Grace tidak peduli dengan tatapan tajam dan menghakiman dari orang-orang yang melihat tingkah lakunya untuk mendapatkan apa yang gadis itu mau. Itulah yang menjadi daya tarik Grace di mata Mahesa.

Grace meringis, memegang pipi bekas tamparan Peter. Tatapan kembali benci dan marah yang tertuju untuk sang ayah yang tak pernah mau dia akui lagi. Dada terasa panas.

"Aku nggak akan pernah maafkan mereka. Nggak akan pernah!" tegas Grace melampiaskan amarahnya.

"Kamu pernah menyayangi mereka, sangat menyayangi mereka, Grace." Mahesa mengusap pipi Grace dengan penuh kasih sayang. Menarik tubuh Grace dalam dekapannya.

"Itu udah berlalu, Mahesa. Bagiku mereka adalah musuh besarku. Mereka mengkhianati aku, terlebih lagi Mami." mulut Grace bergetar. "Seharusnya mereka yang..." Grace menggeleng, ingin meralat. "Wanita iblis itu dan anaknya yang seharusnya tertanam di dalam sini. Seharusnya sel-sel kanker itu ada di tubuh wanita itu," ucap Grace penuh kebencian.

"Bagaimana mereka bersama?" tanya Mahesa mengorek lebih dalam. Tapi, dekapannya lebih erat. Seakan ingin melindungi Grace dari sesuatu yang jauh lebih sakit dari yang sekarang dia rasakan.
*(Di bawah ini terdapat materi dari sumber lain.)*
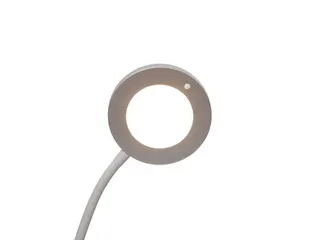 Bureaulamp MAUL Joy LED zilver - 4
Lama untuk Grace kedua lengannya memegang lengan kokoh Mahesa. Bahunya berguncang, membayangkan sosok masa kecil yang berlari ke Mami. Bertanya kapan ayah dan suami mereka pulang?
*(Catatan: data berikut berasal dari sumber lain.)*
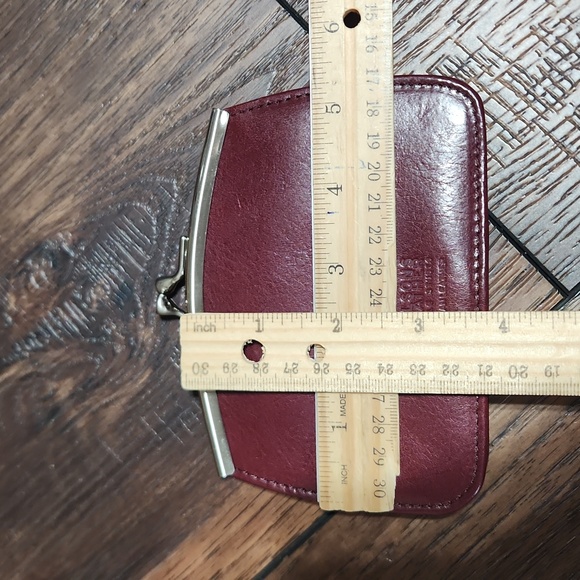 VTG Wilsons Leather Wallet - Picture 12 of 16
Grace kesepian. Grace merindukan sosok pria satu-satunya di keluarga kecil itu. Setiap hari pertanyaan ke Grace ke Mami hanya satu, kapan Papi pulang? Sampai Mami marah dan menangis, ke esok harinya Grace berhenti bertanya tentang Papi. Pianolah jadi tempat Grace mencurahkan isi hatinya, rasa rindu, bingung, dan marah atas 'menghilang'nya Peter dari hidupnya. Apalagi tak sengaja melihat interaksi Sunny dan Papa Erik. Grace begitu mendambakan hadirnya Peter.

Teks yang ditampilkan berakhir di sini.